06/04/2002 1:06 pm ET
Orioles tab highly touted Loewen
Canadian lefty wields wicked fastball, curve
By Gary Washburn / MLB.com
Orioles' round-by-round picks
BALTIMORE -- The consolation prize in the B.J. Upton Sweepstakes was a potential No. 1 Major League starter. Not a bad deal for the Orioles.
When the Tampa Bay Devil Rays took Upton second, the Orioles reacted quickly at their Camden Yards headquarters and took British Columbia left-handed pitcher Adam Loewen with the fourth pick in Tuesday's First-Year Player Draft.
Loewen, 18, is the first of two Canadians -- along with Jeff Francis -- taken in the first round. The Rockies selected Francis. And although the Orioles were disappointed that Upton was gone, they were pleased to get a potentially talented left-hander.
"I don't think it's any secret that we wanted Upton in the worst way," scouting director Tony DeMacio said. "We wanted a position player we thought who could be an impact guy. [But] we feel like Adam Loewen has a chance to be a No. 1 or 2 starter in the big leagues. We just didn't feel like we could pass on that type of impact pitcher."
Loewen, 6 feet 6 and 220 pounds, throws in the low 90-mph range. He did not play high school baseball because Fraser Valley Christian High School did not field a team. The Orioles scouted him playing for the Whaley Premier League, considered an equivalent to the Babe Ruth or American Legion programs in the United States.
Fraser V. Christian
Long, thickly muscled arms and legs on large frame, similar to Hall of Famer Steve Carlton. Effortless, three-quarter release with loose arm. Ball jumps out of hand. Downward plane and late, boring action with some sink on fastball. Sharp-biting, knee-buckling curve with depth. Change fades and sinks. Strong, durable with command of all pitches.
"Actually I felt I was going to go to Baltimore," Loewen told MLB.com from his Surrey, British Columbia, home. "They were at all my games. It's a great organization. Right now, it's an unbelievable feeling."
Though Canadians have occupied Major League rosters before, Loewen is the highest-drafted Canadian in history since Canadian players became available to pick in 1985. Loewen is considered perhaps the best pitcher ever to originate from north of the border.
"With all of the great players to come out of Canada, I can't put into words what it feels like to be told that," Loewen said. "My goal is to be with the [Major League club] in two years. I think I can do it. There is a shortage of left-handed pitchers in the big leagues."
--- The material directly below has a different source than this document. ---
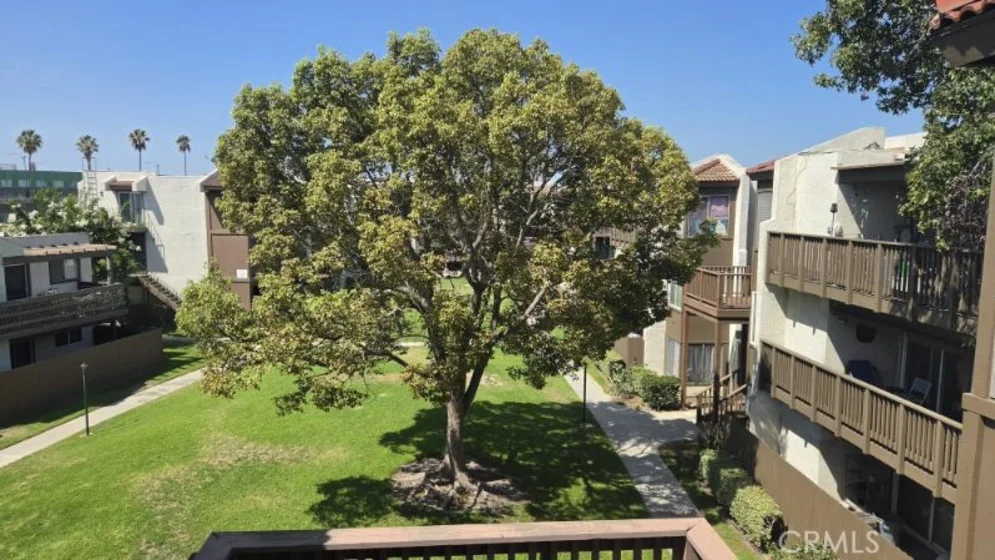 1196 S Citron photo 10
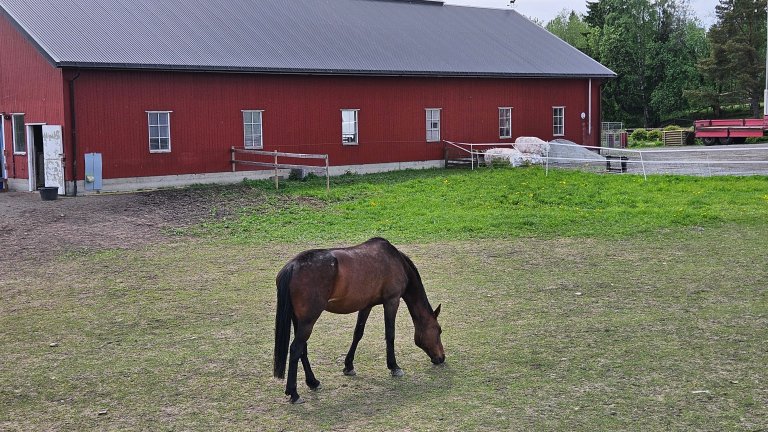 Hest som spiser gress på gårdstun foran rød stall.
Loewen is the second Canadian recently selected by Baltimore. Left-handed pitcher Erik Bedard from Naum, Ontario, was taken in the sixth round in the 1999 draft and made his Major League debut earlier this season.
Bedard is now pitching for Double-A Bowie. Although Bedard is a finesse pitcher, DeMacio made it clear that Loewen is different.
"The young man is bigger and more physical and is just 18," DeMacio said. "He has a good breaking ball for a young left-hander, and he touched 95 [mph] again [Monday]. He will throw low- to mid-90s. He's a strikeout pitcher and has nice, easy delivery."
Loewen has some impressive accomplishments for a pitcher who has yet to graduate high school. He played for Team Canada's national junior team the past three years. Two years ago, he beat eventual World Junior League champion Korea and was named team MVP. In 2001, he tossed a no-hitter against the Pittsburgh Pirates' Dominican summer league squad, striking out 16. He went 5-1 with a 0.16 ERA this season.
"The majority of high schools played in the states aren't different from Canada," DeMacio said. "He faced great worldwide competition. I took a nice long trip to Vancouver and then a ferry to Victoria Island to see him."
Loewen led Surrey to the 1996 Little League World Series and has signed a letter of intent to play at Arizona State. He is expected to sign with the Orioles.
He is the highest selection for Baltimore since 1992, when it chose Stanford outfielder Jeffrey Hammonds with the fourth pick.
DeMacio said Loewen could be headed to the Orioles' new short-season Single-A team in Aberdeen Md., owned by former Oriole Cal Ripken. He also could begin his pro career with Bluefield, the team's Rookie League affiliate.
"[Aberdeen] would be a great play to play," Loewen said. "Especially since it's owned by Cal Ripken."